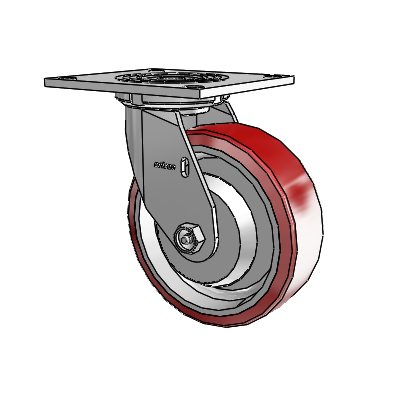 Roulette pivotante de la série 4 avec plaque supérieure de 2 pouces de large et roue en polyuréthane Moldon 6 x 2 (noyau en aluminium)
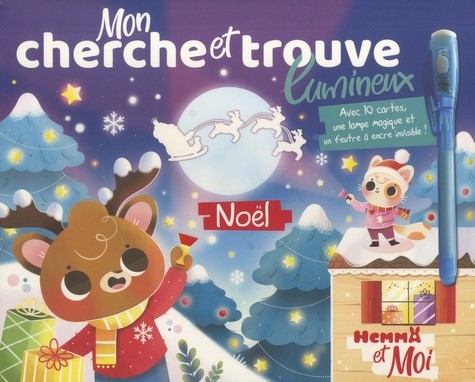  Mon cherche et trouve lumineux Noël - Avec 10 cartes, 1 lampe magique et 1 feutre à encre invisible 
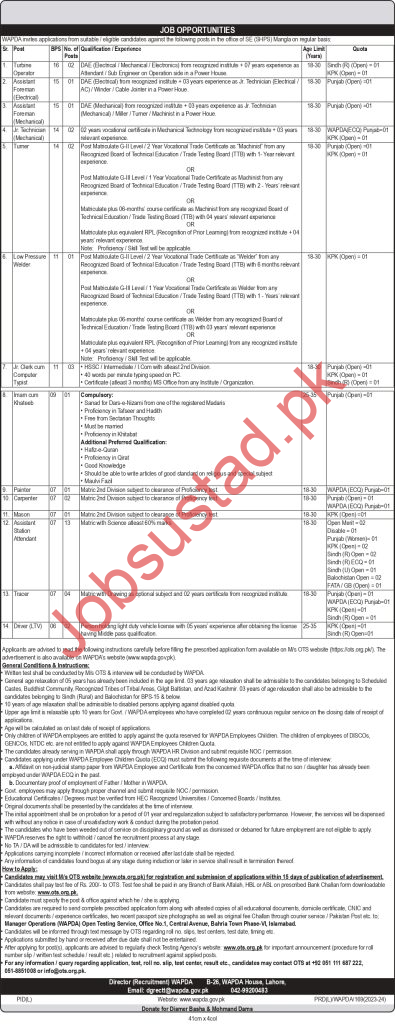 Wapda Jobs in 2024 - Online Apply for Wapda Jobs 2024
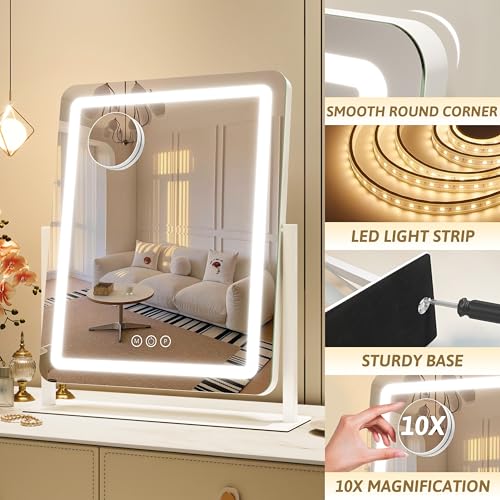 12.6"×15" LED Lighted Vanity Mirror with Dimmable 3 Modes Light T902051
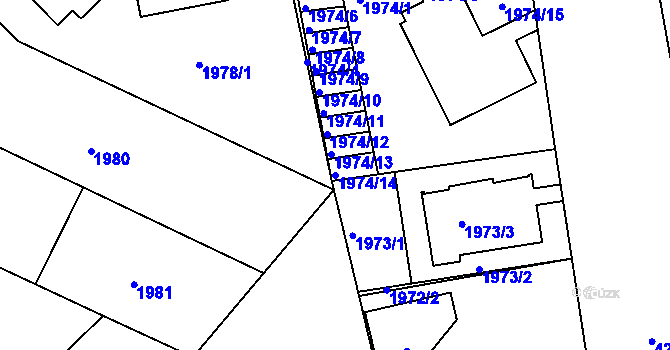 Parcela st. 1974/14 v KÚ Jaroměř, Katastrální mapa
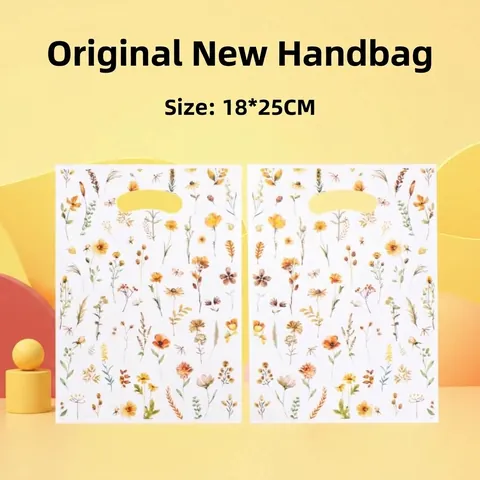 Sacchetti Regalo in Plastica con Stampa di Fiori Selvatici Con Manico Fustellato Borse in Film Perlato per Bomboniere Compleanno Caramelle Confezioni Biscotti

> **Exercise directions**
Only the pictures are dropped when you print the material; everything else is copied exactly.

> **Exercise answer**
 Roulette pivotante de la série 4 avec plaque supérieure de 2 pouces de large et roue en polyuréthane Moldon 6 x 2 (noyau en aluminium)
  Mon cherche et trouve lumineux Noël - Avec 10 cartes, 1 lampe magique et 1 feutre à encre invisible 
 Wapda Jobs in 2024 - Online Apply for Wapda Jobs 2024
 12.6"×15" LED Lighted Vanity Mirror with Dimmable 3 Modes Light T902051
 Parcela st. 1974/14 v KÚ Jaroměř, Katastrální mapa
 Sacchetti Regalo in Plastica con Stampa di Fiori Selvatici Con Manico Fustellato Borse in Film Perlato per Bomboniere Compleanno Caramelle Confezioni Biscotti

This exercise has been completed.